O que está em causa da parte do Estado
irlandês não é o valor do imposto aplicado a pessoas colectivas (12,5 %), mas
sim os acordos estabelecidos especificamente com algumas empresas
multinacionais americanas que acabam por transformar aquele país numa autêntica
praça financeira offshore. O comportamento do Governo irlandês neste domínio
produz ainda o efeito de prejudicar directamente as finanças públicas dos
outros Estados-membros, já que se vêem impossibilitados de arrecadar receita fiscal
inerente à actividade comercial levada a cabo por estes grupos económicos. No
caso específico da Apple o valor em causa já terá sido calculado, será
brevemente publicado e deverá ser transferido para cada país deduzindo aos
treze mil milhões de euros que a Irlanda deverá receber desta empresa.

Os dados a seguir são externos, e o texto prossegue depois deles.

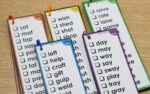 FREE Decodable Word Lists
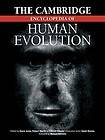 Cambridge Encyclopedia Human Evolution David Pilbeam Robert D Martin 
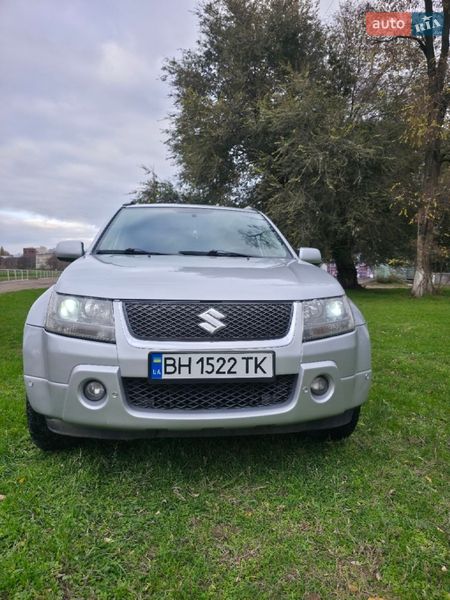 Suzuki Grand Vitara 2007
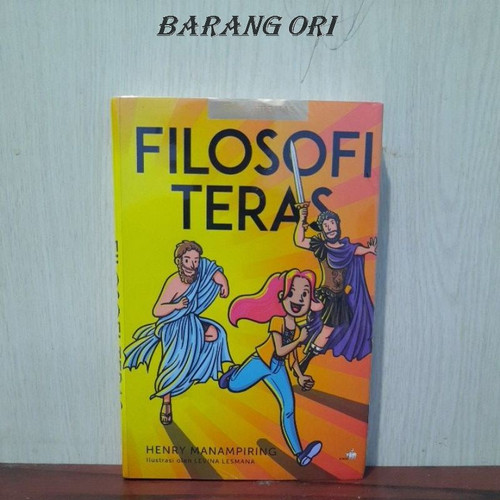 Detail Cover Buku Filosofi Teras Nomer 41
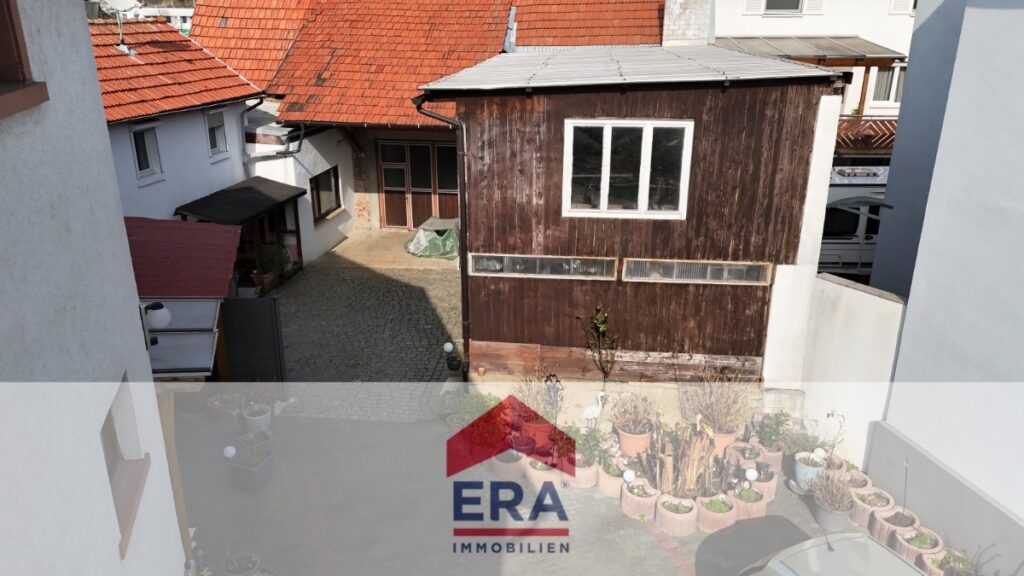 Ansicht - Drohnenaufnahme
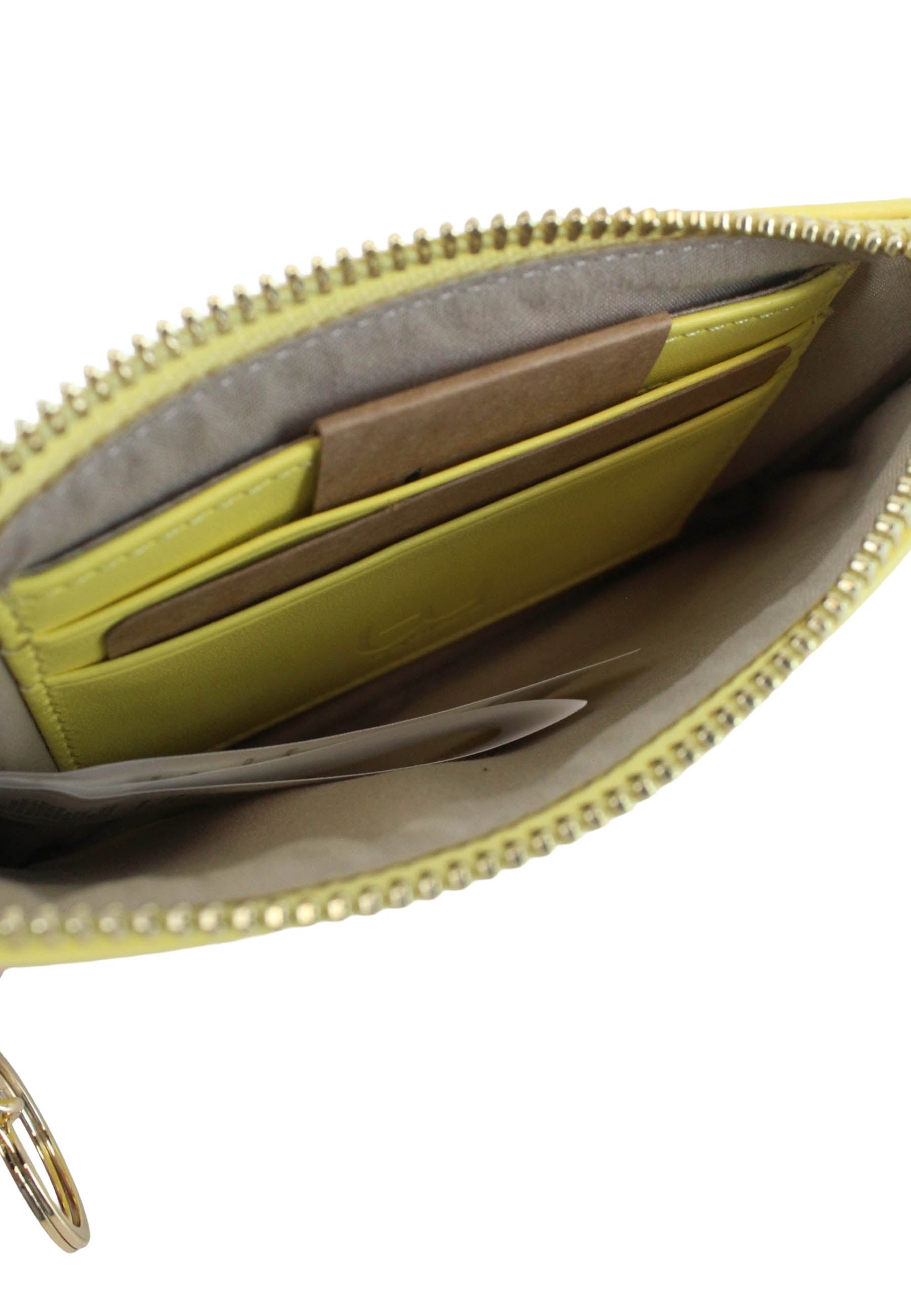 Pochette Giallo By Byblos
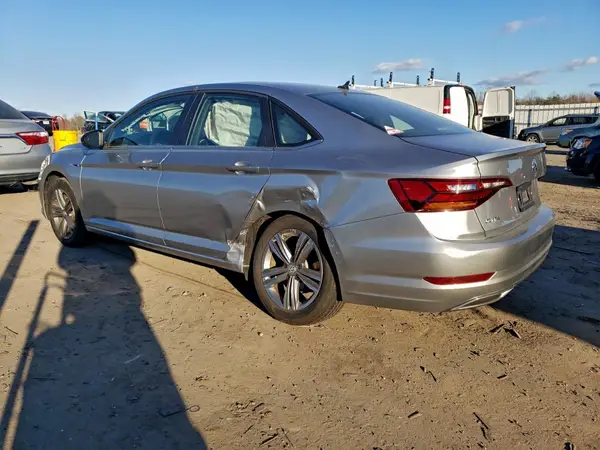 3VWC57BUXKM237647 2019 VOLKSWAGEN JETTA - Image 2
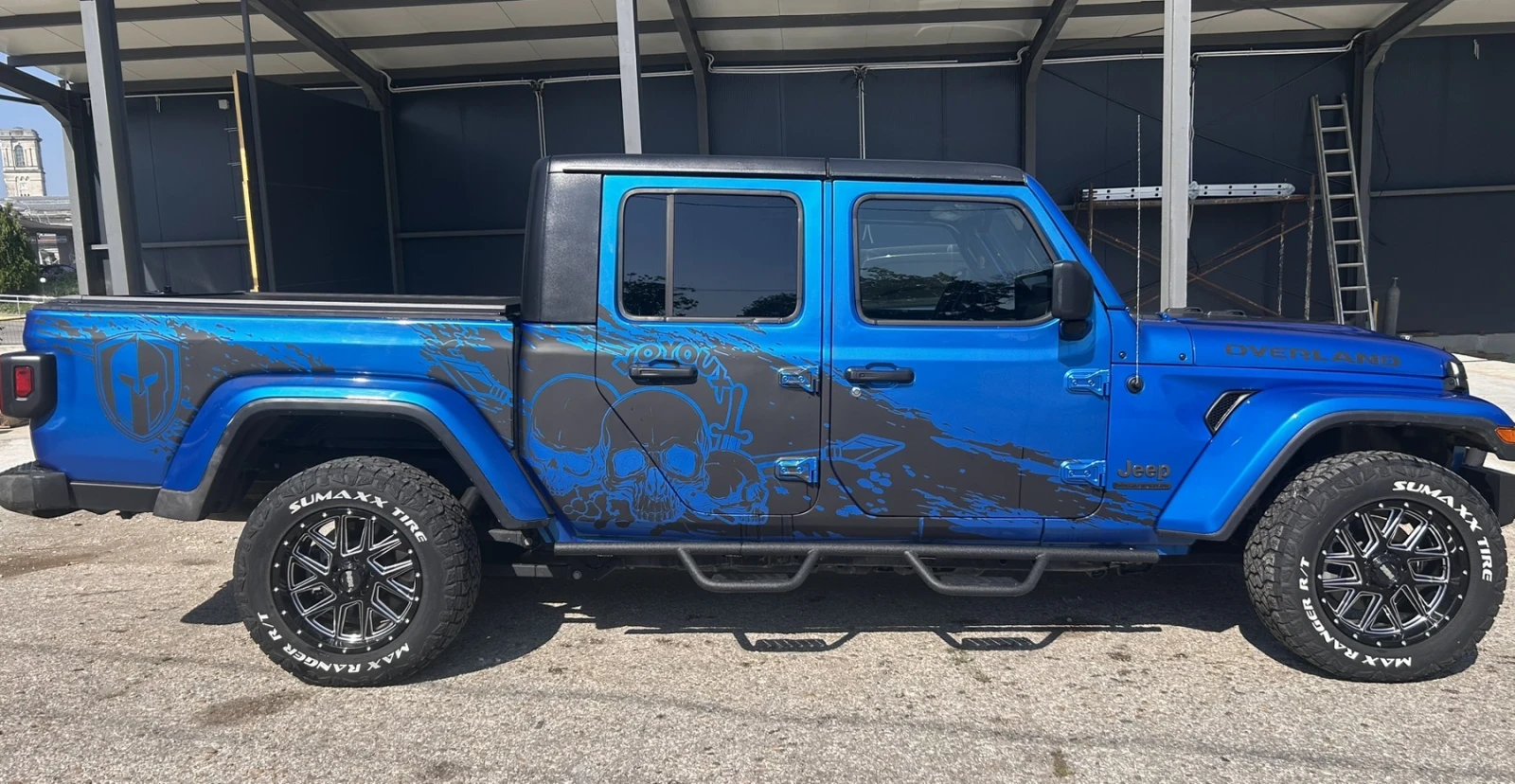 Jeep Gladiator Топ цена до 21.06, снимка 2 - Автомобили и джипове - 54905546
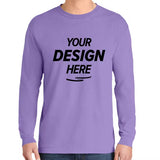 Comfort Colors Heavyweight Long-Sleeve T-Shirt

Há várias ilações a retirar quer deste
episódio em si mesmo, quer do texto já citado de Nicolas Baverez. Comecemos
pelas ilações negativas: algumas das mais importantes e inovadoras empresas do
mundo aproveitam-se do processo de globalização em curso para, de uma forma
arrogante e anti-social, se procurarem eximir ao cumprimento dos seus mais
elementares deveres fiscais; há países europeus, habitualmente muito
enaltecidos por liberais de pacotilha, que optam por uma política tributária
própria de uma zona offshore com o intuito de empolarem artificialmente o
crescimento económico e assegurarem a criação de algum emprego, por definição
muito volátil e sob permanente estado de chantagem. Já as ilações positivas têm
que ver com a atitude assumida pela Comissão Europeia e pela progressiva tomada
de consciência das várias famílias políticas europeias quanto à necessidade de
pôr cobro a situações desta natureza. Para isso tem contribuído fortemente a
pressão de uma opinião pública cada vez mais informada a respeito destes
assuntos. Uma outra ilação muito positiva consiste na constatação de que ainda
há espíritos eminentemente liberais preocupados com a boa regulação do mercado
interno europeu e com uma correcta ordenação normativa da globalização
económica e financeira. No seu texto Baverez contesta as práticas de dumping
prosseguidas por vários países no âmbito das relações comerciais
internacionais, preconiza um maior intervencionismo europeu nesse campo, usa
com propriedade o conceito de soberania separando-o de qualquer forma de
exaltação nacionalista e faz a apologia do Direito como condição imprescindível
ao correcto funcionamento das economias de mercado.
Assistimos hoje em quase todo o mundo
ocidental ao ressurgimento de um discurso político anti-liberal,
proteccionista, nacionalista e neocorporativo. Para a extrema-esquerda, para a
extrema-direita e para alguns sectores que até há pouco tempo se integravam nos
espaços quer da esquerda, quer da direita liberais e democráticas, este parece
ser o único antídoto possível a uma globalização desregulada. Claro que uns
adoptam este discurso por convicção e outros apenas por decepção. Daí a
importância de lembrar que há um outro caminho de carácter liberal, democrático
e social. Nicolas Baverez enunciou uma parte desse caminho, aquele que tem a
ver com a importância das normas e dos procedimentos para a organização do
mercado. O contributo histórico da social-democracia foi o de acrescentar a
essas normas algumas outras de carácter especificamente social a fim de
garantir o máximo de igualdade possível no respeito pelo valor superior da
liberdade. É esse reencontro entre o melhor do liberalismo e o melhor da
social-democracia que é preciso promover à escala europeia. Tudo o resto
significará apenas regressão civilizacional.